Reflections on the National Nanotechnology Initiative: A Dialogue

Thursday, April 3, 2014
2:00
CNS Conference Room (Girvetz 2320)
Speaker: 
Ivan Amato, Patrick McCray

Ivan Amato is a science and technology writer, editor and communicator based in Silver Spring, MD. Currently the journalist-in-residence at UCSB’s Kavli Institute for Theoretical Physics, he is the author of three books—Super Vision: A New View of Nature (2003), Pushing the Horizon: Seventy-five years of high stakes science and technology at the Naval Research Laboratory (1998), and Stuff: the materials the world is made of (1997). A former managing editor at Chemical and Engineering News, Amato recently has been organizing and running science cafés in Washington, D.C., and now here in Santa Barbara. 
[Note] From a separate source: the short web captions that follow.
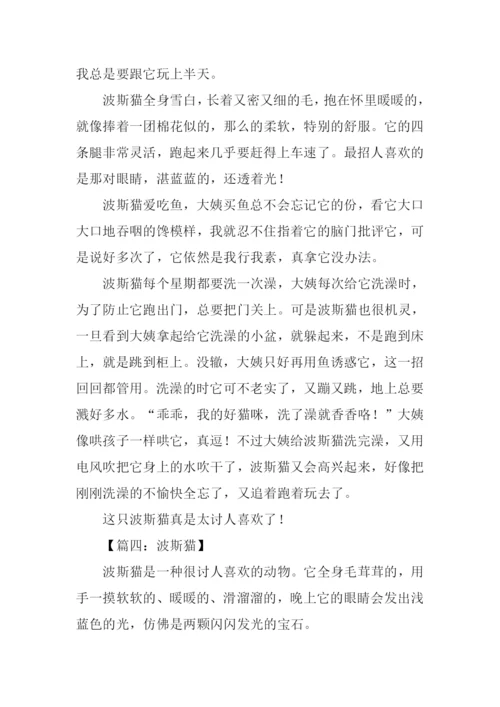波丝猫作文0.docx
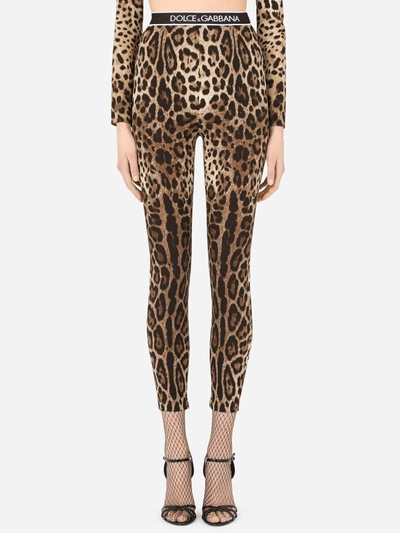 Shop Dolce & Gabbana Leggins In Leopard Print Charmeuse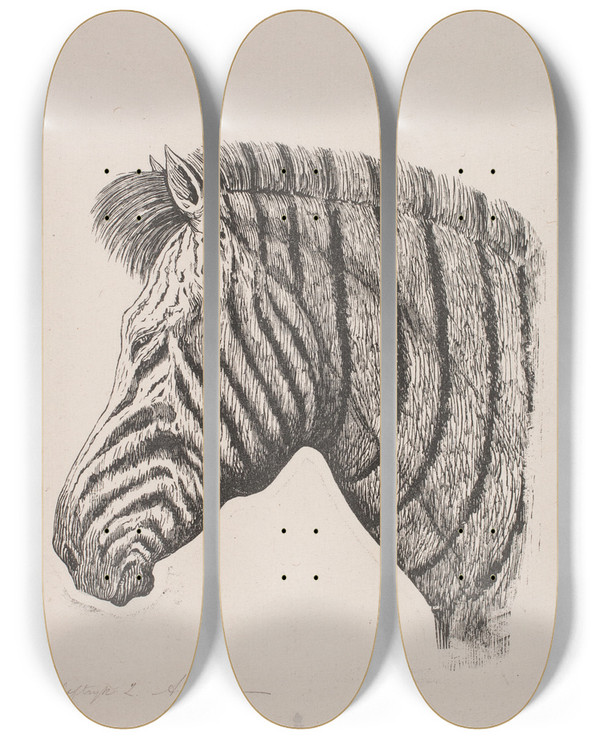 Triptych art skateboard deck of Alexander Blom Hoved Af En Zebra_2 by Alexander Blom (1859-1933)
Patrick McCray is a CNS PI and professor in the UCSB Department of History where he researches and teaches about post-1945 and contemporary science and technology. Before coming to UCSB, McCray worked at the Center for History of Physics at the American Institute of Physics and George Washington University. He is the author of numerous publications and books on the history of science and technology including Giant Telescopes: Astronomical Ambition and the Promise of Technology (Harvard, 2004). His most recent book is titled The Visioneers: How a Group of Elite Scientists Pursued Space Colonies, Nanotechnologies, and a Limitless Future (Princeton, 2012).
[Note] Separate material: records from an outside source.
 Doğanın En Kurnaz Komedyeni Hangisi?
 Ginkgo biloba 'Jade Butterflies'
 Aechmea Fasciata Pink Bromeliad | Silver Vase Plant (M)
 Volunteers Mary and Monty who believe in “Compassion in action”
If writer Ivan Amato creates an archive of contemporary scientific innovation, historian Patrick McCray studies that archive. In fact, McCray looked to a pamphlet penned by Amato to advance the NNINanotechnology: Shaping the World Atom by Atom — for source material in his book, The Visioneers: How a Group of Elite Scientists Pursued Space Colonies, Nanotechnologies, and a Limitless Future. The two will discuss how nanotechnology came to be an area of targeted national investment and, in the case of Amato, the role he played. They will also discuss the forces that mediate science and policy.